What the exercise asks:
Please give every line below again exactly, but not its pictures.

Recorded information:
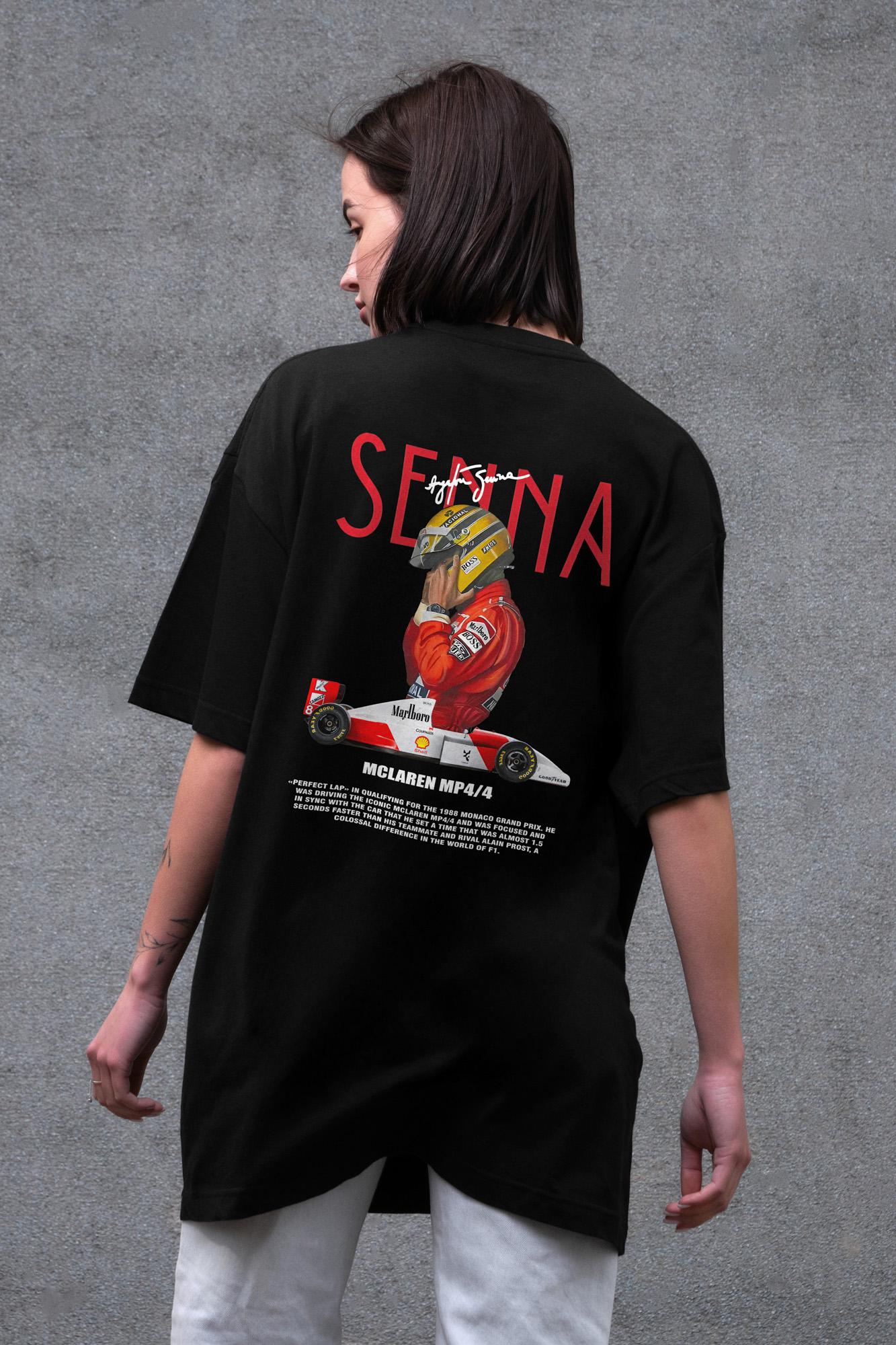 Футболка жіноча Without з принтом Senna оверсайз S/M Black (S8049669)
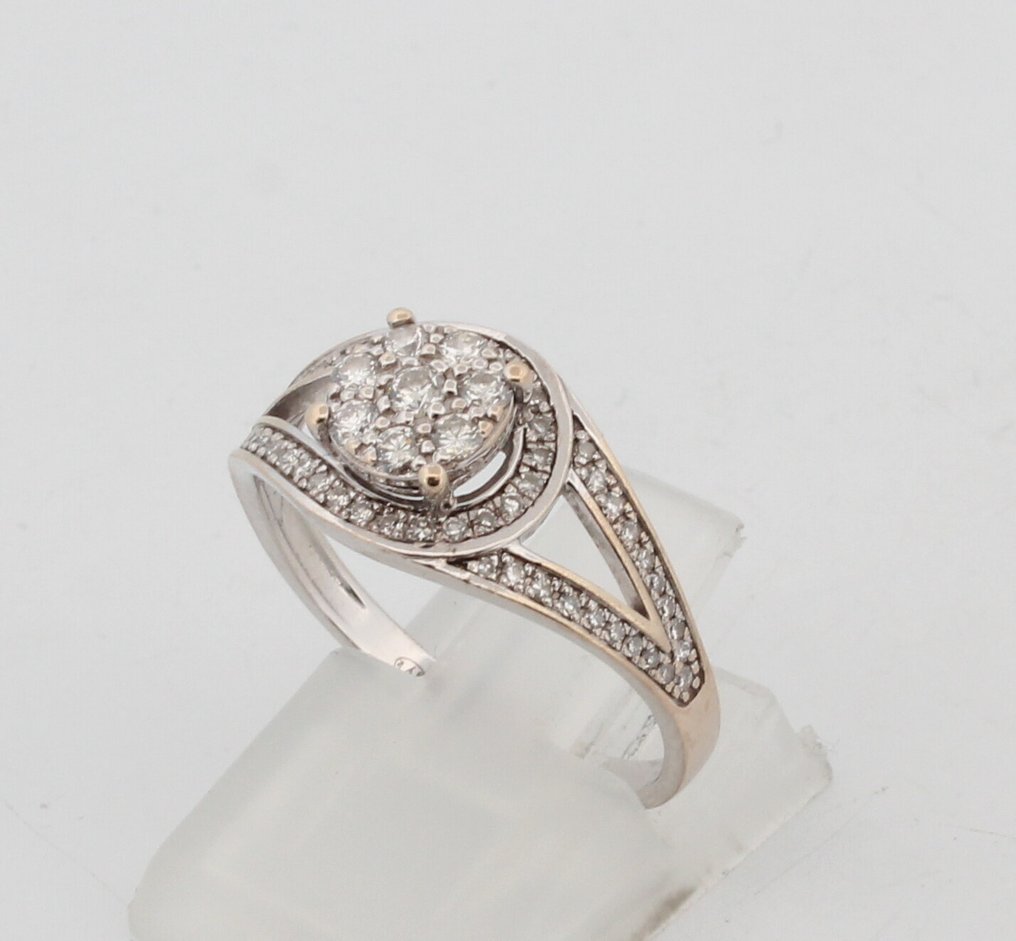 χωρίς τιμή ασφαλείας - Δαχτυλίδι - 18 καράτια Λευκός χρυσός Διαμάντι (Φυσικό) - Διαμάντι #2.1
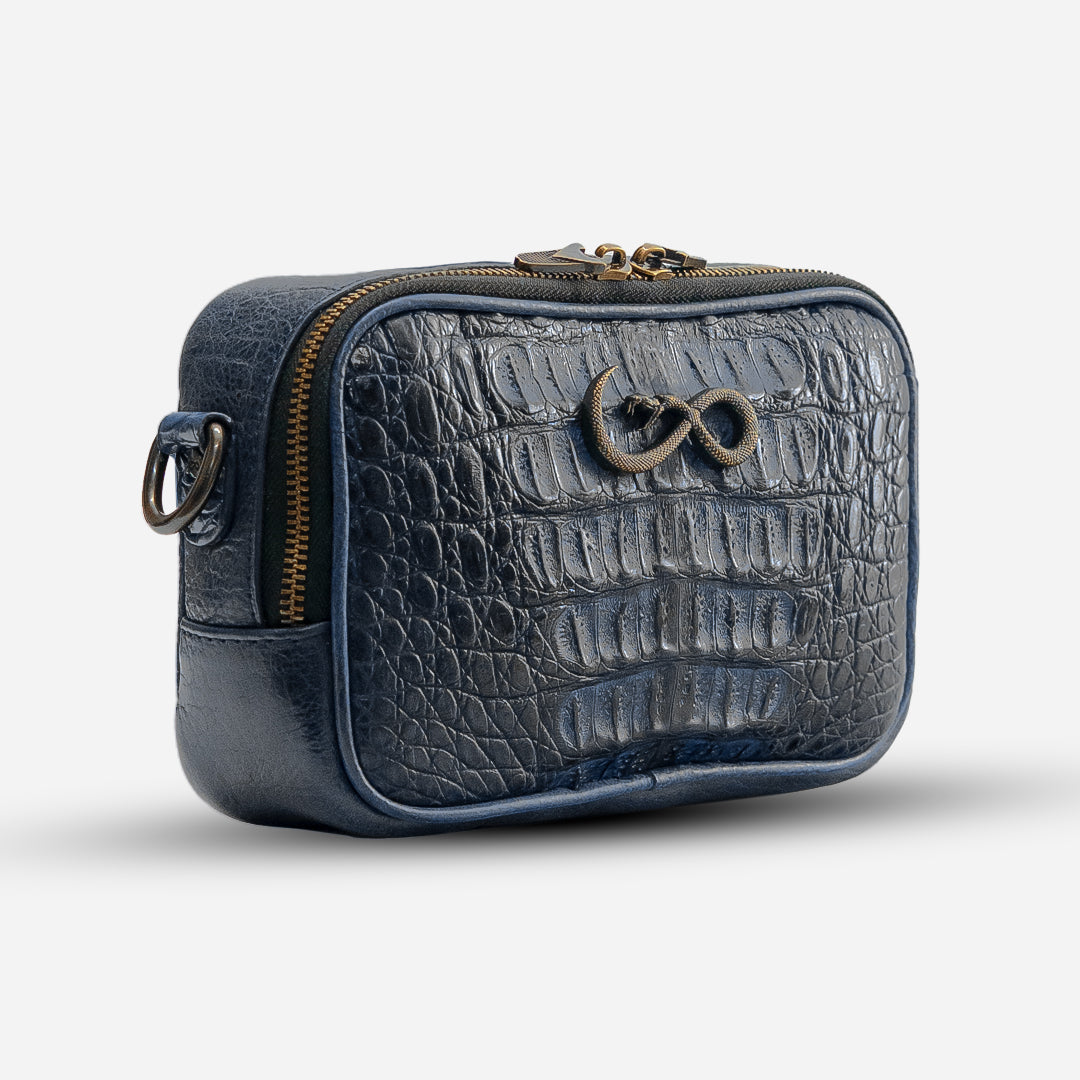 Documentera Mini - Billionaire Croc Navy Blue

Output for this task:
 Футболка жіноча Without з принтом Senna оверсайз S/M Black (S8049669)
 χωρίς τιμή ασφαλείας - Δαχτυλίδι - 18 καράτια Λευκός χρυσός Διαμάντι (Φυσικό) - Διαμάντι #2.1
 Documentera Mini - Billionaire Croc Navy Blue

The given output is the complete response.